The drive to Cholula went smooth despite that there are many highways around Mexico city. The navigation system guided us without problems the 127 km. We drove through busy Pueblo to Cholula and found a car park  just in front of the largest pyramid of the world. It was however covered by ash during one of the many volcano eruptions. When the Spanish arrived there was just a nice hill on top of which they decided to build a church. Because of this only part of the pyramid has been excavated. They did dig several tunnels underneath the structure which showed that, also this pyramid, had been extended many times. Unfortunately the tunnels still have not been opened to the public since closing for Corona 3 years ago. We had to do it with the church only and a long walk around and up the hill to get a good feel of the magnitude of the original pyramid. In the evening we wandered through town to find a print shop to print and sign our camper export papers physically and resend it electronically via email. We also took the opportunity to have another taco diner with Corona/lemonade at a local cafe. We camped at a parking lot close to the pyramid. There were facilities available and it looked like they could accommodate many campers on both side of the street. Maybe it gets busy over holidays.

When driving to Oaxaca (357 km) you are first joined by all the traffic going to Veracruz on the Caribbean coast. Many trucks use this road. After they turn off and you continue South East, the road becomes double lanes. It is however used as 3 lanes to overtake slow traffic. You really have to watch out that on the other side they do not have the same idea as you. For some reason our camper timing has shifted a bit so the camper has reduced pulling power, which results that we do not overtake that much. The highway starts at 2000+ m and slowly descends to 1100 m before climbing again to 1700 m. Three quarter of the way you leave the valley and climb back up another mountain range. It was interesting to see in one of the museums that originally North and South America were not connected and that, due to millenniums of volcano eruptions the oceans filled up and created the narrow strip of land connecting North and South America. 
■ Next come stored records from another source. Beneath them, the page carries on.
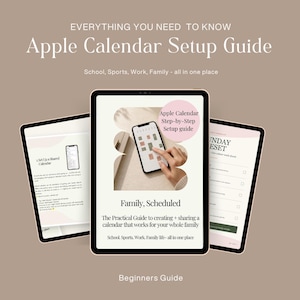 Apple Family Calendar Setup Guide | Shared iPhone Calendar Organization PDF for Busy Families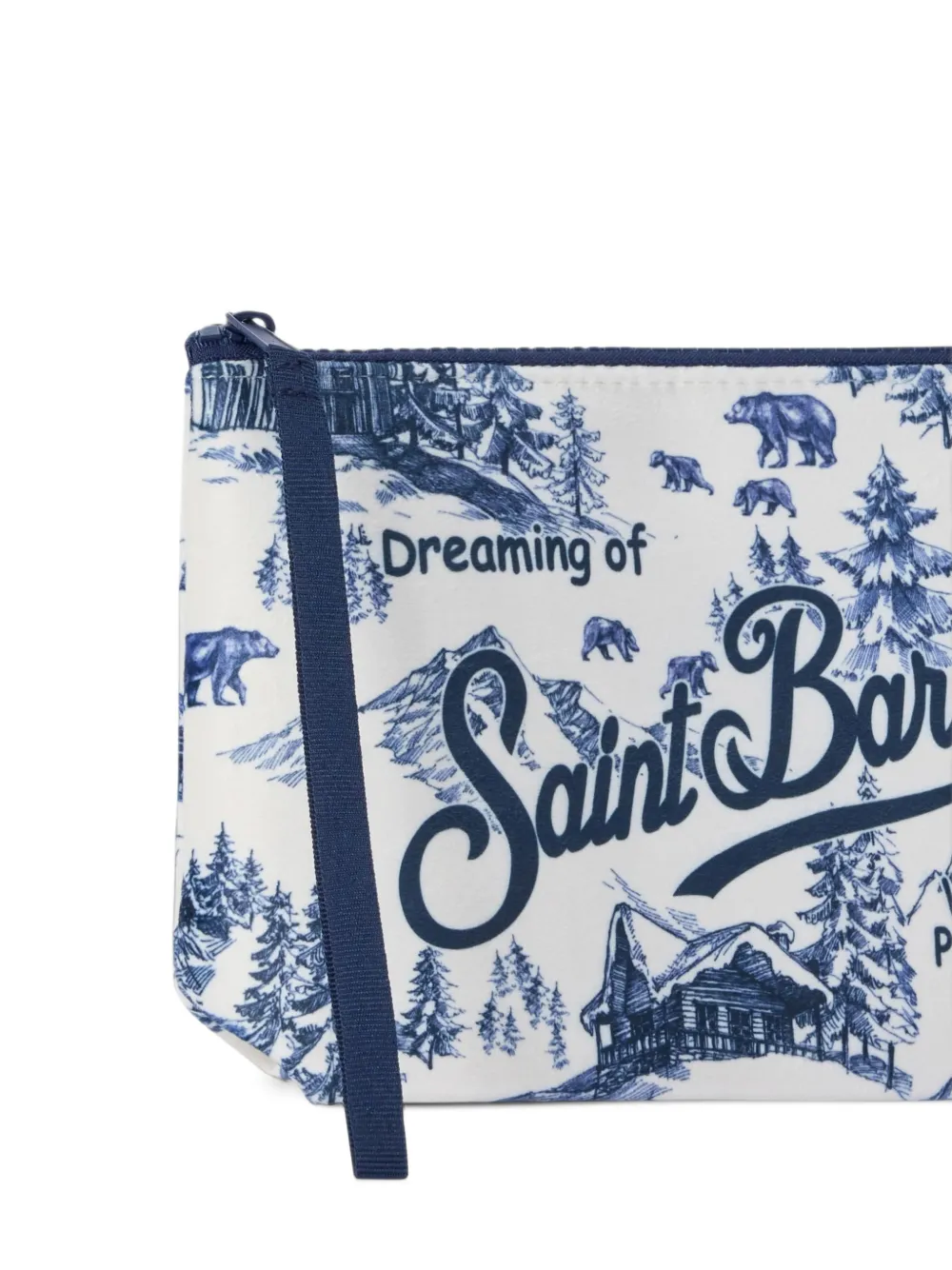 MC2 Saint Barth off-white Aline pochette with Winterland Toile De Jouy print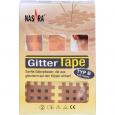 NASARA Gitter Tape Type B 2,8x3,6 cm 20x6 Pflaster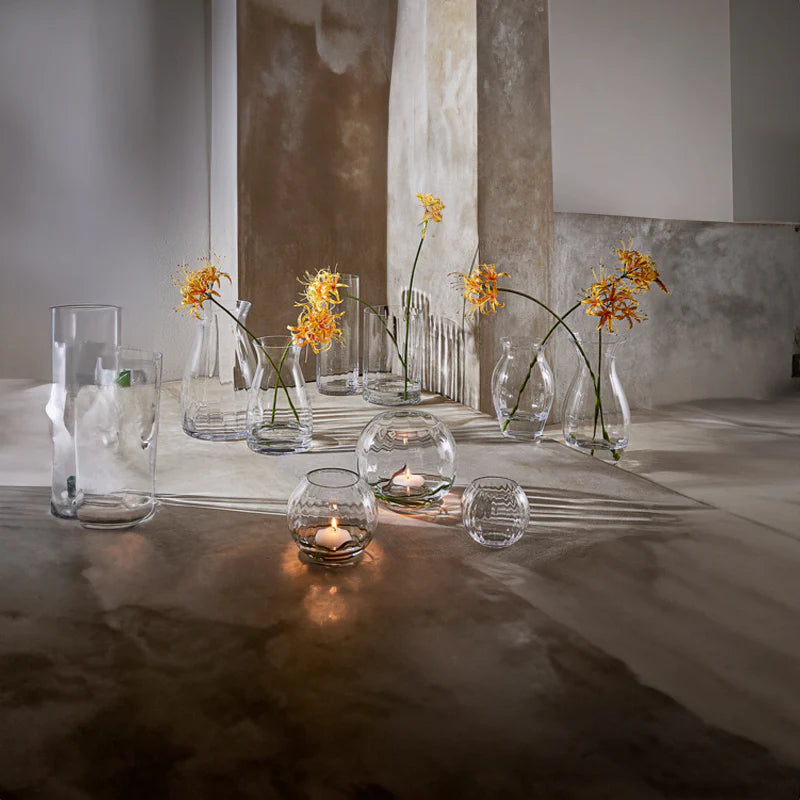 EDG Enzo De Gasperi Vaso Anfora Nida Optic H28 D18 cm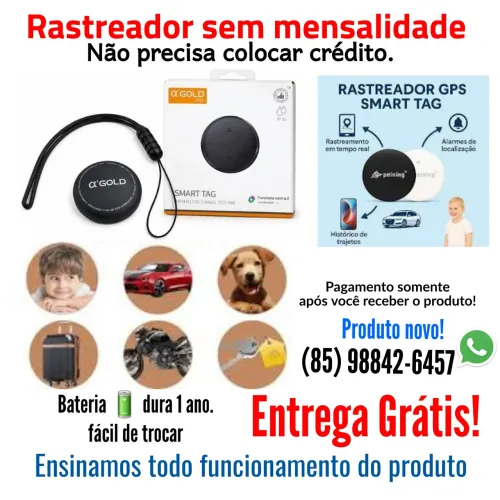 Rastreador para moto carro pessoas animais sem mensalidade entrega Grátis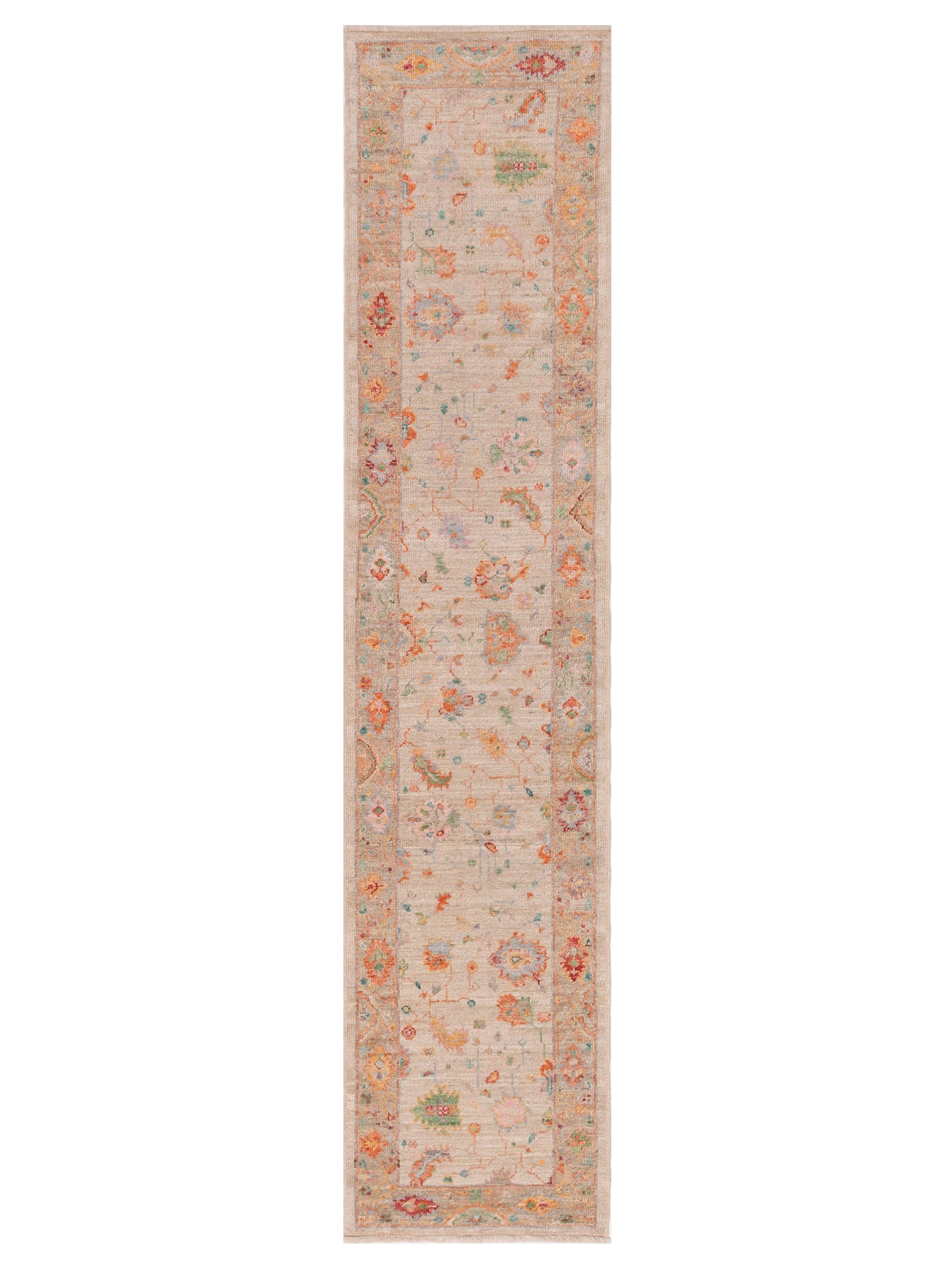 Anadol Angora Oushak Ivory Silver Traditional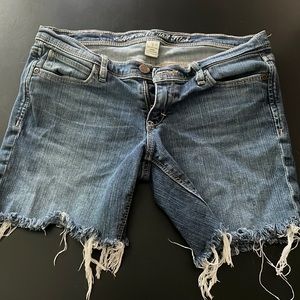 Abercrombie and Fitch size 2 distressed shorts.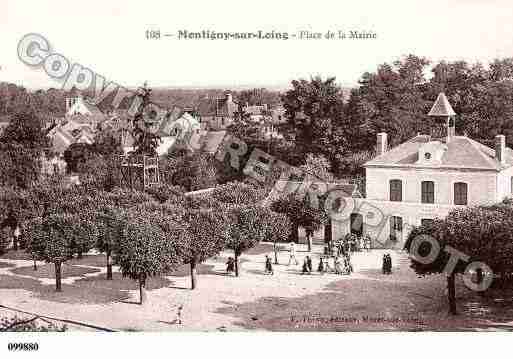 Ville de MONTIGNYSURLOING, carte postale ancienne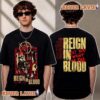 Slayer Minnesota Reign in Blood 40th Anniversary Tour 2026 Event Tee Skull Venue Dates Back T Shirt Two Sided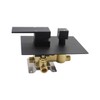 Drettyer 2 Way Outlet Function Solid Brass Shower Diverter Valve
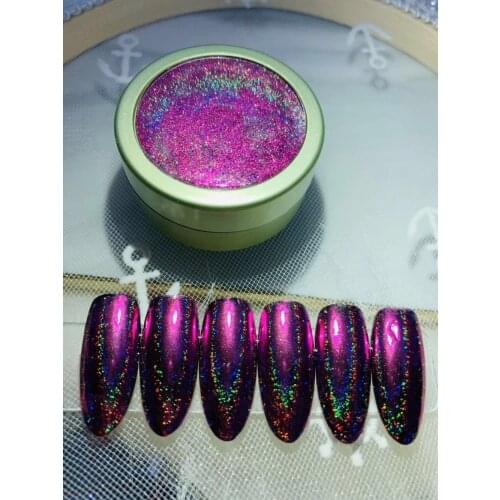 Pink Galaxy Holographic Pearl Pigment Flakes Rainbow Effect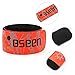 BSEEN LED Armband, 2ed Generation LED Slap Bracelets, Patented Heat Sealed Glow in The Dark Water/Sweat Resistant Glowing Sports Wristbands for Running, Cycling, Hiking, Jogging (Orange-Design II)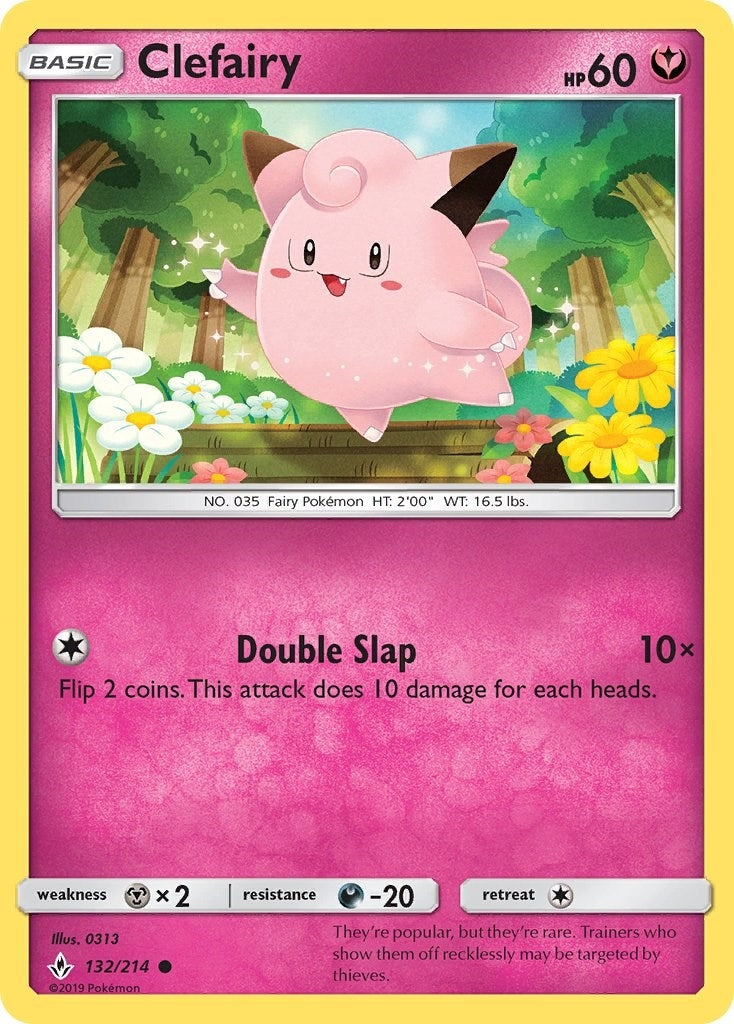 Image for Clefairy (132/214) - Pokemon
We stayed 3 nights at a well populated Overlander camp site in Oaxaca. Compared to the big trucks or large (Mercedes) Sprinter buses, we were the smallest. There is an area for long stay and a separate area for families. We are somewhere in-between. Rudy made good use of the small swimming pool to cool down after a day of Pyramid climbing or Town/Museum strolling.

There are 2 main reasons for visiting Oaxaca. One is the extensive temple/pyramid complex (Monte Alban) on a flatted hill top just outside of town. The other is the old city centre which has a Dominican monastery from 1570 with a large church. The monastery itself houses an impressive collection of artefacts found in one of the tombs when excavating the ruins on Monte Alban.

The historical site on top Monte Alban lies some 400 m above the town. The mountain top has been flattened and over 1000 years a large temple complex was built. The structures have been rebuild and expanded over the centuries but from what we could see it does not have such an “onion” overgrowth like the temples we have see in Mexico City and Cholula. Also there were houses for the elite with graves inside/underneath them. In 1932 one of these grave revealed a large collection of objects from the 14th century. The grave itself was a lot older (Zapotec, 700 AD) but reused by a later civilization (Mixtec). 

On our second day we wandered the narrow streets of the old city. It is a World Unesco Historical site so the old street structure and houses have been preserved and shop fronts are modest. Beside the Church and Museum we visited is in an area where, over the past years, local artists have expressed themselves in Murals. It is not clear to me why most of the figures are skeletons. Close to our campsite there is a lovely small park around a church which has an over 2000 year old tree. It is claimed that this is the widest tree in the world. You could not stand close to the tree (it is fenced off) so the pictures may not give the right impression. In the area around the church you see more of these type of old trees. It must once have been an impressive grove. Glad that a few still survived the human on-slaughter.